##### THE DATA
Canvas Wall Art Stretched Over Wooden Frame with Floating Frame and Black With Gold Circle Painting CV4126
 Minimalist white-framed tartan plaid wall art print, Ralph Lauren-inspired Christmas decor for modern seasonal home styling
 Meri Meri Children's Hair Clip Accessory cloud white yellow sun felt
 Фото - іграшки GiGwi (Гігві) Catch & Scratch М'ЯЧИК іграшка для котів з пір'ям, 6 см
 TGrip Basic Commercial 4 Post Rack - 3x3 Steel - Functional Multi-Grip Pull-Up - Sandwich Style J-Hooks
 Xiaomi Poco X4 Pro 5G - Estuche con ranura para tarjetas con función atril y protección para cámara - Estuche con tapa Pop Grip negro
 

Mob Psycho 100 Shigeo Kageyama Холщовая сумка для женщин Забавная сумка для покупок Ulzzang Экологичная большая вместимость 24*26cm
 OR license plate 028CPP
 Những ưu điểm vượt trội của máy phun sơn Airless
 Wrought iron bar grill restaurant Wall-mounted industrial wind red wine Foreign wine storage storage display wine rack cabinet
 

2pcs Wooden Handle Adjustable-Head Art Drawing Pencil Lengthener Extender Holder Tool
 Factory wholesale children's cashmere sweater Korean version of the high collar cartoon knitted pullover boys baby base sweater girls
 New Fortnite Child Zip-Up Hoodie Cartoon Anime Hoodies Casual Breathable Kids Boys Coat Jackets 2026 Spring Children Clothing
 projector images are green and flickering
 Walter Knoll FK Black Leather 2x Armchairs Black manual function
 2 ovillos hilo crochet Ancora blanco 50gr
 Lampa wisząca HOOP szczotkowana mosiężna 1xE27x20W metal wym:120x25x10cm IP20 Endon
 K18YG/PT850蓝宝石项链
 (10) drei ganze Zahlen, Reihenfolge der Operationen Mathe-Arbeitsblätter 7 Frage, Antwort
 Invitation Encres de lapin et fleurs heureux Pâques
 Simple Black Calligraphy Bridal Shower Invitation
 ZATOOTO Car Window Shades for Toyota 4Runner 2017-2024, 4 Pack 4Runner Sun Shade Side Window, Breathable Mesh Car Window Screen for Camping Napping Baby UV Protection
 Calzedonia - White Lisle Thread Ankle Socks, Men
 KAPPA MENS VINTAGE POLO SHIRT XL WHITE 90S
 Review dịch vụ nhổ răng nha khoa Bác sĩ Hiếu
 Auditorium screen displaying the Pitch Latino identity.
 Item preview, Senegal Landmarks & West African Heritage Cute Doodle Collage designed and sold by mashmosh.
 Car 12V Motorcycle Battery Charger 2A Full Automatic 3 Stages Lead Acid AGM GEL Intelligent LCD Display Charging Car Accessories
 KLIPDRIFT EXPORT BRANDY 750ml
##########
▶ [EXERCISE DESCRIPTION]: Using the entries above, give back exactly the line containing "Walter Knoll FK", the line containing "Calzedonia - White", and every line between them, and nothing else.

▶ [RESPONSE TO THE TASK]:
 Walter Knoll FK Black Leather 2x Armchairs Black manual function
 2 ovillos hilo crochet Ancora blanco 50gr
 Lampa wisząca HOOP szczotkowana mosiężna 1xE27x20W metal wym:120x25x10cm IP20 Endon
 K18YG/PT850蓝宝石项链
 (10) drei ganze Zahlen, Reihenfolge der Operationen Mathe-Arbeitsblätter 7 Frage, Antwort
 Invitation Encres de lapin et fleurs heureux Pâques
 Simple Black Calligraphy Bridal Shower Invitation
 ZATOOTO Car Window Shades for Toyota 4Runner 2017-2024, 4 Pack 4Runner Sun Shade Side Window, Breathable Mesh Car Window Screen for Camping Napping Baby UV Protection
 Calzedonia - White Lisle Thread Ankle Socks, Men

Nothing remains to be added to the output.